Seek to hear the advice of the people whose advice you are least likely to seek. There is a tendency for people with a problem to lock onto the first opportunity they find that could represent its solution. If that person is in a position of authority or has a dominating personality the "solution" is likely to become a fait accompli regardless of whether it is good, bad or ugly. Voices that raise objections or recommend alternatives are quickly squashed, sending the message that others should go along. Insure that important decisions consider the view points of the most diverse set of perspectives possible. Convert meetings from "supporting in harmony," or "the lowest lobbyist wins" to healthy confrontation directed at genuine learning. The meetings will take longer, but they won’t be a waste of time, the implementation will go faster and results will be more likely to succeed.

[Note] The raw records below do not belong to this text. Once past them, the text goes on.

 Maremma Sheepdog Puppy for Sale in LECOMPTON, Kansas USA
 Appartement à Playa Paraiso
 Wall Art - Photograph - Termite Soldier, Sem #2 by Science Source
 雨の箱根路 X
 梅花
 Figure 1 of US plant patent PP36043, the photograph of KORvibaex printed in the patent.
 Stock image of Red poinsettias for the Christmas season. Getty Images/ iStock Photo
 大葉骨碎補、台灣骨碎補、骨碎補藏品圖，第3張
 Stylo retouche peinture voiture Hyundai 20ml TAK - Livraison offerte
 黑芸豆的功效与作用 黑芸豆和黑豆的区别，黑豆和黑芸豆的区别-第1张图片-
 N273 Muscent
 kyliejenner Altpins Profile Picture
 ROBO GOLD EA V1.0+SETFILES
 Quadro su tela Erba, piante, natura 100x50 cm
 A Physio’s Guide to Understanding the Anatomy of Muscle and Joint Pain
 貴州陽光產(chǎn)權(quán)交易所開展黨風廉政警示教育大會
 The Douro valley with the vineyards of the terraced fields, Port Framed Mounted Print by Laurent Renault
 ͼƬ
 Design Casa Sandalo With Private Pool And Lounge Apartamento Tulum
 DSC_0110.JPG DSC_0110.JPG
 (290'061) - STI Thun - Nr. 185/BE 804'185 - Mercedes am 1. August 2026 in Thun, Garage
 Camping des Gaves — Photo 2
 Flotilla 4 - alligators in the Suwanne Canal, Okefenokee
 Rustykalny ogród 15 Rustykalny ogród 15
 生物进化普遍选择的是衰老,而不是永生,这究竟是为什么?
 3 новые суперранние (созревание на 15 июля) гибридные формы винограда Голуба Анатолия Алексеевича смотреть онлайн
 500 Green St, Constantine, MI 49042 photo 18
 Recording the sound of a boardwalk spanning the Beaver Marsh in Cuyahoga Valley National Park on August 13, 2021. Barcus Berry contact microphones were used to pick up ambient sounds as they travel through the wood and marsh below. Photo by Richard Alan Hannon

Times of high change require organizations to do more than improve processes and quality. They require asking and responding to the really difficult questions – the ones most have intentionally avoided for years. These questions may include: Do we even need the process we are improving? What business are we in? Are we trying to get our customers to want what we make or are we trying to make what our customers want?

Last month, I overheard some interesting comments. The first was, "We are a manufacturer; my boss is a manufacturer; his father and his father’s father were manufacturers. We just like to make things."

The second went something like, "My owner truly believes we are in a service business and that we just happen to be manufacturers."

Not surprisingly the latter company has been much more successful in these turbulent times. They have grown, diversified and opened up new markets in a declining industry. They have learned how to challenge their assumptions and ask the difficult questions to innovate appropriately.